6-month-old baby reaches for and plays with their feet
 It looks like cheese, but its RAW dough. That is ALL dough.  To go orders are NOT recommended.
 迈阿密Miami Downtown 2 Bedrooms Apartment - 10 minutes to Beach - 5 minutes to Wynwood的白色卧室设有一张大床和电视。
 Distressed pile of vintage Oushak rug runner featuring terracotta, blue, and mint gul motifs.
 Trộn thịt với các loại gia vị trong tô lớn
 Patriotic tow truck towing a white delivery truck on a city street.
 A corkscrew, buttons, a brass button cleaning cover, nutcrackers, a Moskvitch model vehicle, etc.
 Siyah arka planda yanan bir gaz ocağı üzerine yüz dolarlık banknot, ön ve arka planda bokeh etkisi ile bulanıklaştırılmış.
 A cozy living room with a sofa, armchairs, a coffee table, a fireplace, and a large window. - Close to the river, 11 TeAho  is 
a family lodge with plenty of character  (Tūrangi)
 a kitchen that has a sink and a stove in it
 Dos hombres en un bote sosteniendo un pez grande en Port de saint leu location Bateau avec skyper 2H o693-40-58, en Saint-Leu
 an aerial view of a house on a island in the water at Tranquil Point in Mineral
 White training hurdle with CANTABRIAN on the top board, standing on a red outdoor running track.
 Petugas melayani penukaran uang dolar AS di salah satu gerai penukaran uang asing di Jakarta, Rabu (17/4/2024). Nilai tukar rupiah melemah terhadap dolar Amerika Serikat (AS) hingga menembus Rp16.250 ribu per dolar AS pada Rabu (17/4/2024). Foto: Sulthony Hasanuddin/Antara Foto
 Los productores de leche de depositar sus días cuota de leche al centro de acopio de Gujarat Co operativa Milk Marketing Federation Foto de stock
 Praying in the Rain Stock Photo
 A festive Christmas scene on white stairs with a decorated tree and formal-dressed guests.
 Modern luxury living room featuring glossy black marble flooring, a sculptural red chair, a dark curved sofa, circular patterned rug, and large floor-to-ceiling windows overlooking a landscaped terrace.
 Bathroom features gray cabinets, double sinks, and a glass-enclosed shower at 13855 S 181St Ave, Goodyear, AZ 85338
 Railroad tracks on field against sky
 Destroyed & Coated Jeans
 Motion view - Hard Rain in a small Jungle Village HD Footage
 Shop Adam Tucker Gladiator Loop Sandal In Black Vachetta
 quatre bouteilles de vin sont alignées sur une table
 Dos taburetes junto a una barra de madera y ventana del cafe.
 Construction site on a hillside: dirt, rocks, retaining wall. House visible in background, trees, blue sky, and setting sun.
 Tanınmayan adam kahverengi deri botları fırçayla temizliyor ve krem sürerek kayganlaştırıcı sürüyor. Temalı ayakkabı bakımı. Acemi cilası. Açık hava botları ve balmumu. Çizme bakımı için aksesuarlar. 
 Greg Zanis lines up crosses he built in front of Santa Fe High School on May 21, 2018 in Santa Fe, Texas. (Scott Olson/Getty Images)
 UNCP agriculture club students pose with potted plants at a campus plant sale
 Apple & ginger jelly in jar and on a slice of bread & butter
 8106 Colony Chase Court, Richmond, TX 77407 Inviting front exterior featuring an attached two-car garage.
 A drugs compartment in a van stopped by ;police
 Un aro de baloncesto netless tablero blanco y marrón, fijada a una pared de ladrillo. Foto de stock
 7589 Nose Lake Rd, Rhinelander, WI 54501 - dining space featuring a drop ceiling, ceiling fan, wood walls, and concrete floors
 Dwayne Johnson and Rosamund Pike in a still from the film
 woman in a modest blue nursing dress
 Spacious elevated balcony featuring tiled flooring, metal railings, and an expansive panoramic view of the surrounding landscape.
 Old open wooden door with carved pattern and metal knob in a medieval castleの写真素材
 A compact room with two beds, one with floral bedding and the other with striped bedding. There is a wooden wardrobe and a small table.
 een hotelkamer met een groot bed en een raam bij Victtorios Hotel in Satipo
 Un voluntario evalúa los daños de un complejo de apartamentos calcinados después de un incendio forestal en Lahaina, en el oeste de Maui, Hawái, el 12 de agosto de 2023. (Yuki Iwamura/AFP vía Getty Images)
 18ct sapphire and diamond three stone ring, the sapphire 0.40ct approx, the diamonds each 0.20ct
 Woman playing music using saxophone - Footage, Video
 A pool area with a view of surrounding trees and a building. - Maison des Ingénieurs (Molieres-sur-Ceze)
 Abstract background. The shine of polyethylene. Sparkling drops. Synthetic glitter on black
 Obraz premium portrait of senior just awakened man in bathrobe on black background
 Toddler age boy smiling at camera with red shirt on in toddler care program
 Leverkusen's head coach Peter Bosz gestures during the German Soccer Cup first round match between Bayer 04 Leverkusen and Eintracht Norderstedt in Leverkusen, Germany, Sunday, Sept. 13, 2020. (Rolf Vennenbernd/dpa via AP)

- - -

● Problem
Everything in the material above from the line that has "Destroyed & Coated Jeans" through the line that has "Woman playing music" must be duplicated exactly, with no other lines given.

● Exercise solution
 Destroyed & Coated Jeans
 Motion view - Hard Rain in a small Jungle Village HD Footage
 Shop Adam Tucker Gladiator Loop Sandal In Black Vachetta
 quatre bouteilles de vin sont alignées sur une table
 Dos taburetes junto a una barra de madera y ventana del cafe.
 Construction site on a hillside: dirt, rocks, retaining wall. House visible in background, trees, blue sky, and setting sun.
 Tanınmayan adam kahverengi deri botları fırçayla temizliyor ve krem sürerek kayganlaştırıcı sürüyor. Temalı ayakkabı bakımı. Acemi cilası. Açık hava botları ve balmumu. Çizme bakımı için aksesuarlar. 
 Greg Zanis lines up crosses he built in front of Santa Fe High School on May 21, 2018 in Santa Fe, Texas. (Scott Olson/Getty Images)
 UNCP agriculture club students pose with potted plants at a campus plant sale
 Apple & ginger jelly in jar and on a slice of bread & butter
 8106 Colony Chase Court, Richmond, TX 77407 Inviting front exterior featuring an attached two-car garage.
 A drugs compartment in a van stopped by ;police
 Un aro de baloncesto netless tablero blanco y marrón, fijada a una pared de ladrillo. Foto de stock
 7589 Nose Lake Rd, Rhinelander, WI 54501 - dining space featuring a drop ceiling, ceiling fan, wood walls, and concrete floors
 Dwayne Johnson and Rosamund Pike in a still from the film
 woman in a modest blue nursing dress
 Spacious elevated balcony featuring tiled flooring, metal railings, and an expansive panoramic view of the surrounding landscape.
 Old open wooden door with carved pattern and metal knob in a medieval castleの写真素材
 A compact room with two beds, one with floral bedding and the other with striped bedding. There is a wooden wardrobe and a small table.
 een hotelkamer met een groot bed en een raam bij Victtorios Hotel in Satipo
 Un voluntario evalúa los daños de un complejo de apartamentos calcinados después de un incendio forestal en Lahaina, en el oeste de Maui, Hawái, el 12 de agosto de 2023. (Yuki Iwamura/AFP vía Getty Images)
 18ct sapphire and diamond three stone ring, the sapphire 0.40ct approx, the diamonds each 0.20ct
 Woman playing music using saxophone - Footage, Video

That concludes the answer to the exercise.